The most important factor that was assessed was “workforce,” in which North Carolina was ranked in the top spot. CNBC cited “educated workers flocking” to the state and worker training programs that “are among the best in the country.” The state earned only the 12th ranking in that category in 2022.
“Companies in desperate need of skilled workers are going where the people are, and people are going to North Carolina,” CNBC Special Correspondent Scott Cohn said. “The state’s well-balanced economy is handling the growth well. Rising political tensions could create issues down the road, but for now, North Carolina seems to have the winning formula — for the second year in a row.”
Another factor that contributed to the state’s overall No. 1 ranking included “economy,” in which the state ranked third. CNBC alluded to the state’s “solid growth, stable state finances and a healthy housing market.” North Carolina also took the No. 6 ranking in both the “technology & innovation” and “access to capital” factors.
“When we invest in our people, we invest in the foundation of our success,” Gov. Roy Cooper said in a statement. “Thanks to our well-trained, dedicated and diverse workforce, North Carolina has been named the top state for business for the second year in a row and it’s important for us to invest in the education and well being of our people to continue our amazing success.”
In a live interview at the Biltmore Estate in Asheville, Cooper cited the state’s “dynamic community college system,” “best array of public and private universities in the country,” and “a Commerce Department that understands that talent is important” as reasons the workforce stands out.
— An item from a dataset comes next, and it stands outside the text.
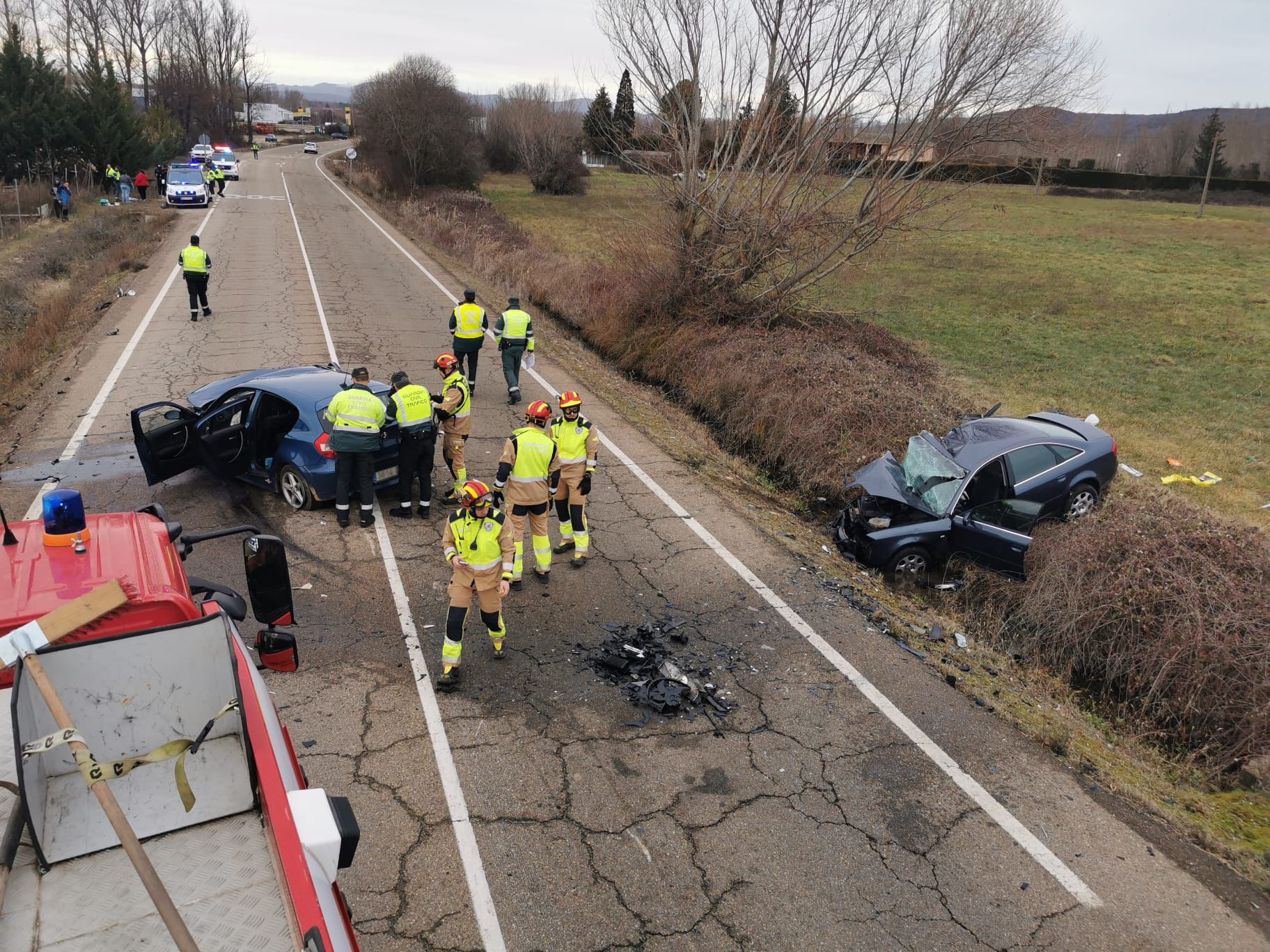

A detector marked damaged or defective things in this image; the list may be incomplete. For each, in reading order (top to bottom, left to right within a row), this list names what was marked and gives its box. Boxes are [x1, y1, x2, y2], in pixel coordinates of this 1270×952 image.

crushed car hood [848, 452, 939, 518]
shattered windshield [899, 439, 965, 515]
dark blue damaged car [828, 408, 1118, 578]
“After another record-breaking year for economic development wins, I am more than proud to see the great state of North Carolina recognized as the best state in the nation for business yet again,” N.C. Commerce Secretary Machelle Baker Sanders said in a statement. “Last year’s performance includes nearly 29,000 new jobs and $19.3 billion in investments – the result of collaborative leadership and hard work. My team and I are proud to have launched the state’s ‘First In Talent’ strategic economic development plan, intentionally incorporating diversity, equity, and inclusion practices that have facilitated booming economic opportunities for all North Carolinians.”
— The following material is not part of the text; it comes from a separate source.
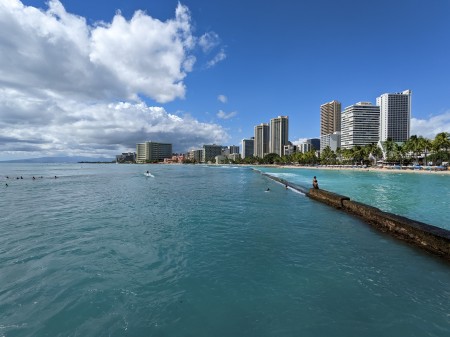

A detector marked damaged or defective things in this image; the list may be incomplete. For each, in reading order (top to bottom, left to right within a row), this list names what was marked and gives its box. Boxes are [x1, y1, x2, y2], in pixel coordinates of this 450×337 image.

rusty breakwater [258, 171, 450, 260]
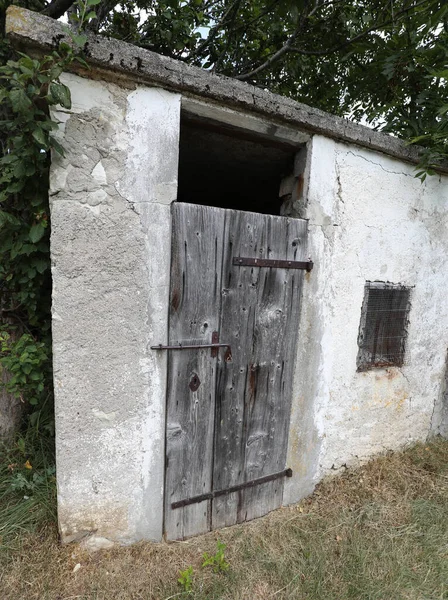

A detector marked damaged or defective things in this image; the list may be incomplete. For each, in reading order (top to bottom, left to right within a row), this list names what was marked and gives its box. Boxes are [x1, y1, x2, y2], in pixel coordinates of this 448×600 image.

rusty metal hinge strap [170, 466, 292, 508]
Senate leader Phil Berger, a Rockingham County Republican, credited the legislature with maintaining North Carolina’s ranking.
“We’ve overcome partisan obstructionism, regional competition, and economic uncertainty, and have confirmed that our state’s reputation and economy are stronger than ever,” Berger said in a statement. “Republicans had a vision and plan when we won control of the General Assembly back in 2010, and improving our state’s business climate was a big part of that.”
‘Political harmony’ fading
The ranking, however, isn’t all good news for the Old North State. Its ranking in “life, health & inclusion” fell to the 34th spot, down from 28 last year. Last year, CNBC said that the state’s No. 1 ranking was due to state leaders “managing to put aside their very deep political divisions.”
Now, CNBC is warning that the “political harmony that has helped made the state so competitive is fading.” The news outlet pointed to the state’s lack of anti-discrimination protections and the recently enacted 12-week abortion ban.
“We’re seeing this culture war legislation introduced across the country,” said Cooper, a Democrat who tried to block the new abortion restrictions only to have the Republican-dominated legislature override his veto. “When people are thinking about where they want to live, those issues matter. You don’t want to limit your workforce and these companies are going to hear it from people.”
Overall, North Carolina’s No. 1 ranking is part of a larger trend of accelerated economic migration to the Southeast. The neighboring states of Virginia, Tennessee and Georgia took the next three spots in CNBC’s ranking, respectively. Earlier this month, it was revealed that for the first time, these states, along with Florida and Texas, were contributing more to the nation’s gross domestic product than the Northeast.
Thousands of people move to North Carolina every year, including more than 130,000 in the year ending July 1, 2022. In 2022, big companies announced thousands of new jobs.
CNBC’s ranking is based on a study that looks at 86 metrics across 10 categories of competitiveness to score all 50 states. Primarily, it focuses on what factors companies consider when choosing where to expand, and how states help to win business.